Es war aus Ziegeln gebaut, die Räume klein, niedrig, windschief.
Schnell musste es gehen, billig musste es sein.
Der Verputz bestand aus körnigem Gestein.
Man konnte ihn mit bloßen Händen abtragen.
Die Wände waren durchlässig, der Keller feucht.

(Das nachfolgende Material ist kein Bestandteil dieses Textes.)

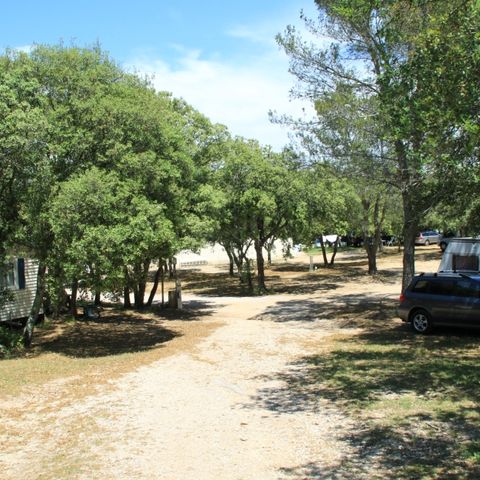 Camping Les chênes - Camping Gard - Image N°5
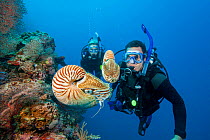 Two scuba divers observing two Chambered nautili (Nautilus belauensis) on a reef, Palau, Micronesia, Pacific Ocean. Model released.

Die Asseln kolonialisierten ihn.

Der Mann stieg die morschen Stufen hinauf.
Erster Stock, erste Tür links.
Er betrat die Wohnung, die Schuhe in der Hand.
Er ging in die Küche, trocknete Leder und Sohlen und stellte die Schuhe auf den Boden auf einige Blätter der Küchenrolle.
Er zog die Jacke aus, hängte sie auf und begab sich wieder in die Küche.
Er nahm ein Messer, setzte sich auf einen Stuhl und begann die Steine aus dem Schuhprofil zu stemmen.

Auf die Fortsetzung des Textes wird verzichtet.